En el Superior las aguas bajan turbias

Ayer tomó cuerpo la versión de que la controvertida acordada emitida por la Corte provincial habría sido adulterada.
La aparente adulteración podría dar lugar a un sumario, una investigación penal o ser fundamento del enjuiciamiento de los ministros que puedan estar implicados. En el Poder Legislativo causó estupor el desenfado de un sector de los tres jueces del Superior que suscribieron tan curiosa acordada que supone una intromisión lisa y llana en el funcionamiento y en los tiempos de la Cámara de Diputados, mientras paralelamente tiene a los senadores sometidos a los tiempos de la propia Corte que habría decidido cajonear "sine die" el trámite de la inconstitucionalidad del artículo 182, en una posición que contrasta con la pretendida celeridad que le pide a los legisladores. Todas las miradas del Senado apuntan al panuísta Horacio Colombo, cuya firma, junto a la de "Susi" González y Vicente Picó habilitaría el tratamiento en el recinto de los pliegos del Defensor y del Asesor de Menores. El senador goyano hace causa común con el ricardismo en el bloqueo legislativo.

Desconcierto, estupor y perplejidad ha causado en el ámbito del Parlamento correntino el contenido de la acordada dada a conocer sin rubor por sólo tres de los cinco ministros del Superior, lo cual no sólo dejó la idea clara de la división de aguas que existe puertas adentro del Tribunal, sino que en las últimas horas se sumó la versión no desmentida de que la voluntad de uno de los ministros que votó en disidencia, habría sido literalmente adulterada, con la eliminación de los párrafos más fuertes.

En Diputados es un secreto a voces que en unas sesiones más, quizás en una de las últimas, ingrese el pedido de enjuiciamiento al Presidente del Alto Cuerpo, a quien se responsabiliza por el rumbo errático que ha tomado el Tribunal, acentuado por el reclamo cada vez más explícito de jueces y camaristas que advierten un inédito aislamiento y divorcio del resto de la familia judicial.
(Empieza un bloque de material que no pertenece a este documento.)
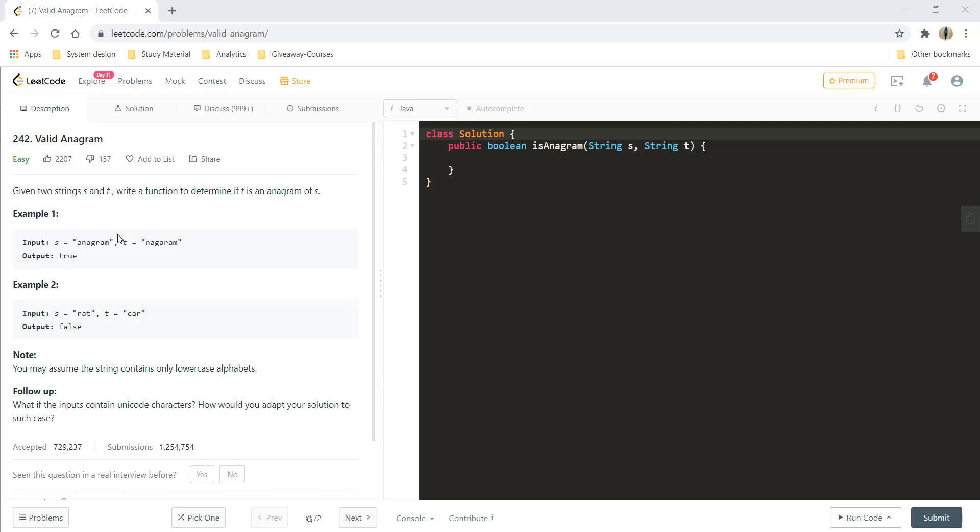Hi guys, welcome to algorithms made easy. In this video, we will see the question valid anagram. Given two strings s and t, write a function to determine if t is an anagram of s.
Los jueces de Instrucción hicieron punta al dar a conocer un duro documento reflejado en EL LIBERTADOR que dio lugar a que días después dos de los ministros los reciban en audiencia para escuchar los cada vez más recurrentes reclamos que existe hacia abajo en la estructura tribunalicia.

En este contexto se ha recibido con beneplácito la política de apertura que ha impuesto el ministro más crítico de la actual orientación del Tribunal, quien ha tomado la decisión de abrir el diálogo con visitas espontáneas a algunos juzgados, con el fin de escuchar el cuadro de situación, en una posición que apunta a recomponer el diálogo y abrir un marco de participación que pueda ser volcado en un Cuerpo que pareciera haberse encerrado sobre sí mismo dominado por las contradicciones.

Fernando Niz, en verdad, hasta ahora ha dedicado mucho tiempo a consolidar lazos con los demás tribunales de Provincia a través de la Junta Federal de Cortes, lo que le ha impedido desarrollar una política de acercamiento a los estamentos locales. Dado que en principio, en el año próximo dejará de cumplir esa tarea, de por sí desgastante. El propósito del ex Presidente de la Corte Provincial sería el de abrir un marco de diálogo con las cámaras y los jueces de las distintas circunscripciones con el fin de acortar distancias con los mismos e imbuirse sin protocolo, café de por medio, de la problemática que aqueja a los magistrados que no encuentran en la actual Presidencia siquiera la posibilidad de ser recibidos en audiencia.

Intertanto, en esferas del Poder Ejecutivo se trabaja sobre distintas alternativas para destrabar esta preocupante realidad que muestra un Poder Judicial fuertemente cuestionado por la sociedad, siendo decisión irrevocable no sólo poner en blanco sobre negro la situación del juez Codello, sino analizar la posibilidad de aumentar el número de miembros de la Corte Provincial a 7 o 9, una alternativa de la que ayer habló por los medios el ex Presidente del Colegio de Abogados, Gustavo Lozano.